NEW DELHI (Reuters) - Bharti Airtel Ltd reported 9.6 percent fall in quarterly profit on higher costs and foreign exchange losses, the 14th consecutive quarter of declining profits for the country's top telecommunications carrier.
Bharti Airtel, the world's fourth-biggest cellular carrier by customers, said net profit fell to 6.89 billion rupees for its fiscal first quarter to end-June, from 7.62 billion rupees reported a year earlier.
Despite the decline, the results beat analyst expectations for a profit of 6.57 billion rupees, helped by better operating performance at home.

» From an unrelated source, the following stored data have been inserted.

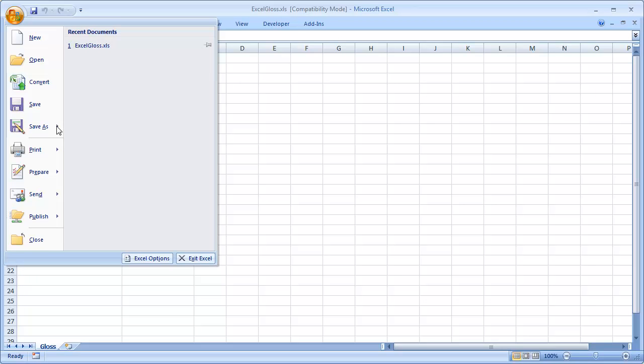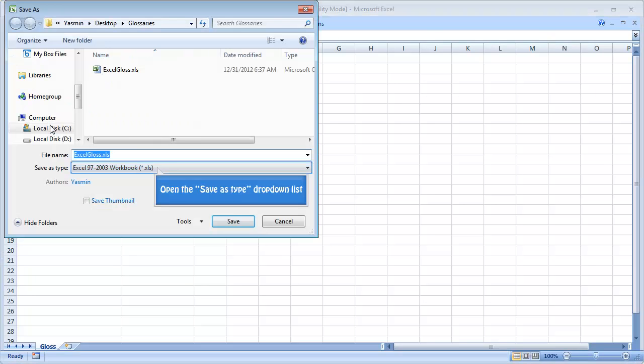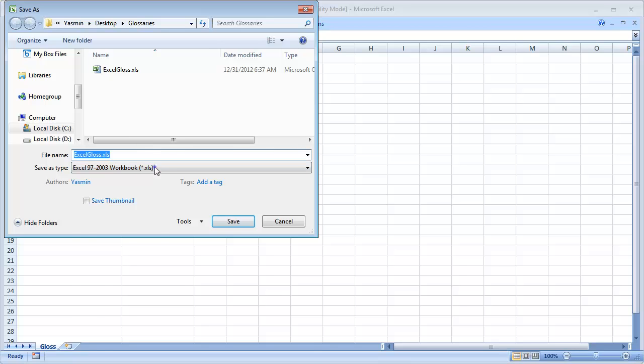Select Save As. From Save As Type, select Text, Tab Delimited.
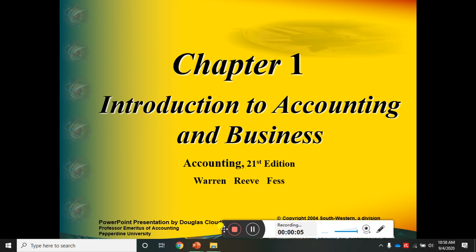Bismillahirrahmanirrahim. Dear students, Assalamu Alaikum. This is the first lecture on financial accounting — an introduction to accounting and business. This course is referred to by various names at different levels: Accounting One, Principles of Accounting, or Financial Accounting. We will be discussing the basic concepts of accounting in this lecture.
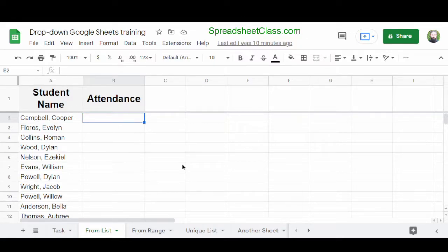In this video, I'm going to show you how to create a drop-down list in Google Sheets. This is done by using something called data validation. What we have here in this example is a list of student names and an empty column B where we want to mark the attendance status for each student.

Bharti and its main rivals such as the Indian unit of Vodafone Group Plc and Idea Cellular have cut discounts and raised some prices in recent months after several smaller rivals either shut or scaled back operations because of a court order, easing competition in a crowded market.

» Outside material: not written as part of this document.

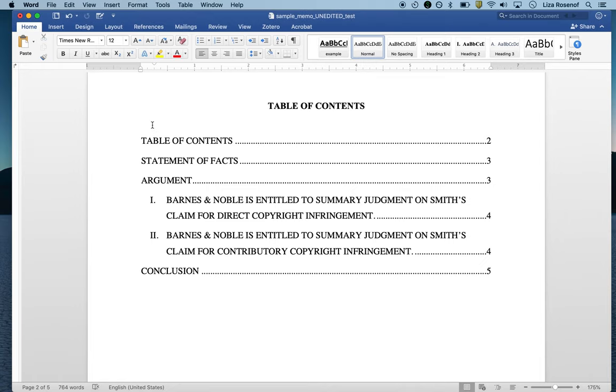Let's move on to generating a table of authorities. We're going to use a similar but different tool than we used for the table of contents and take a similar but somewhat different approach.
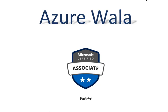Hello and welcome to Azure Wala YouTube channel. We are in part 49 of Microsoft Certified Associate series. So far we have completed 85 questions in previous videos. Today we are going to look into question number 86.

The carriers however, face several regulatory challenges including a government demand they pay billions of dollars in spectrum surcharges.
GRAPHIC: Bharti Airtel results http://link.reuters.com/xaq99t
Revenue for Bharti, which is nearly a third owned by Southeast Asia's top phone carrier SingTel , rose an annual 9 percent to 202.6 billion rupees in the quarter, compared with analyst expectations for 211 billion rupees.

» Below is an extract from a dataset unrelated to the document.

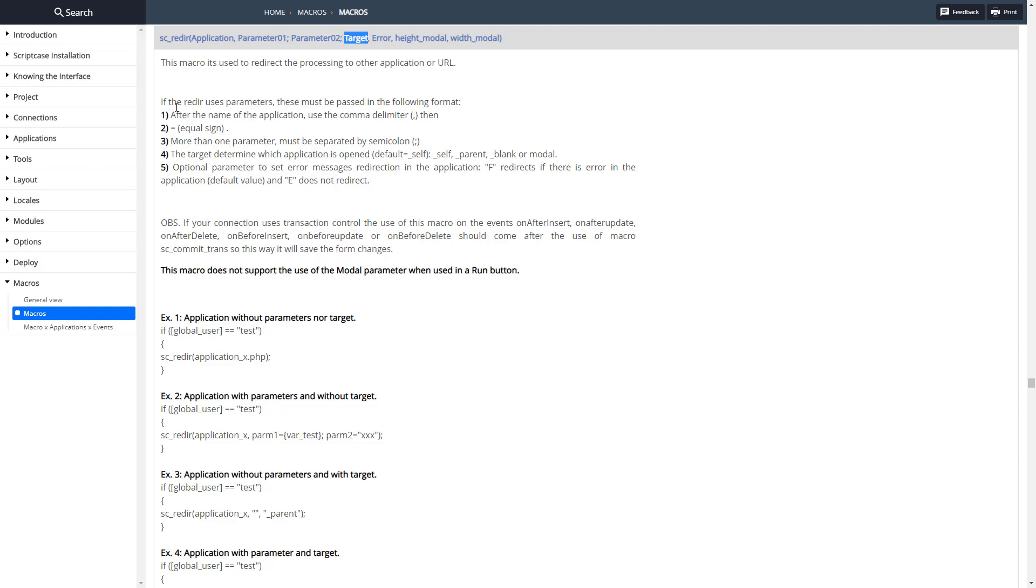Target can be lots of different things, so here's the options for those. Everything separated with a comma, parameters are separated variable names and values with an equal sign and then semicolon between different parameters here.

Average revenue per user (ARPU) in India increased 4 percent from the previous quarter to 200 rupees, but African ARPU fell 7 percent sequentially to $5.5.
Bharti, which ventured into Africa in 2010 with a $9 billion acquisition, has yet to make the money-losing operations profitable and the debt taken on for the acquisition has weighed on its consolidated earnings. Net debt fell to $9.8 billion at end-June, it said.
African operations continued to make losses, with Bharti's international business that includes Africa reporting a net loss of 7.03 billion rupees, before exceptional items.
Shares of the company were trading up 1.3 percent at 0415 GMT after falling as much as 2.4 percent.